Trump vs Hillary debate schedule
When Trump Meets Clinton, No TV Record in America Will Be Safe
“People are expecting a brawl,” says Allen Adamson, a former executive with the branding firm Landor Associates. “Nothing attracts viewers like a brawl.”
The Ali versus Frazier-level match-ups could rival the Super Bowl and bust the presidential-debate viewership record set by Ronald Reagan and Jimmy Carter in 1980. It’d be hard to imagine that happening if one of the contenders was, say, John Kasich, instead of a former reality-TV star with an arsenal of put-Twitter-in-overdrive bon mots. There are other factors, such as Clinton’s shot at becoming the first female commander-in-chief and the fact both are registering unheard of negative-favorability ratings. There’s irony in that — they’re so despised in some quarters they’re mesmerizing.
“It’s just got everything going for it,” says Jim Lehrer, the former PBS NewsHour anchor who moderated his 12th debate in 2012.
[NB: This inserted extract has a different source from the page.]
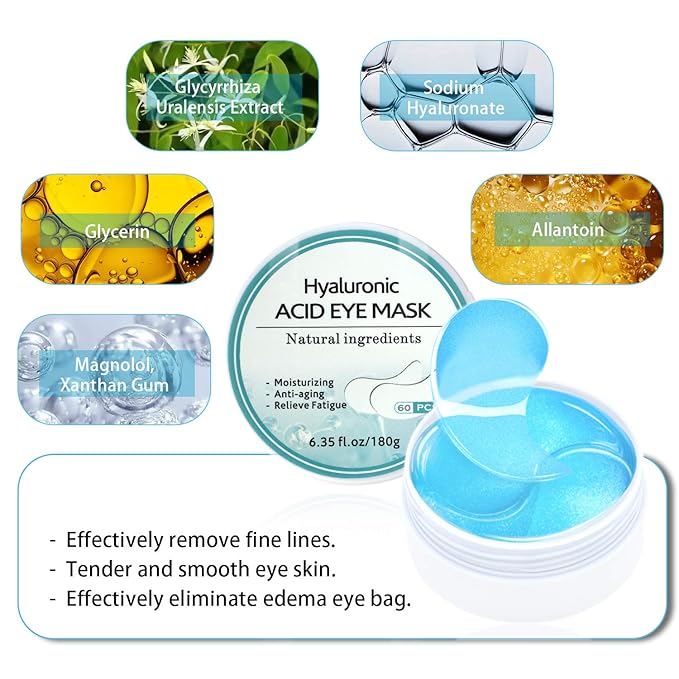 Under Eye Patches for Puffy Eyes: 60PCS Collagen Eye Gels Pads - Blue Hyaluronic Acid Under Eye Mask - Reduce Dark Circles & Bags - Skin Eye Care Products-VivaGrace Women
Unlike primary debates, which are put on by media outlets, general-election battles are organized by the Commission on Presidential Debates, a bipartisan nonprofit. They’re supposed to be cerebral affairs, with live audiences of 600 to 1,000 people who are asked to refrain from booing or shouting, and who in the past have generally complied. Any network can run them at no cost.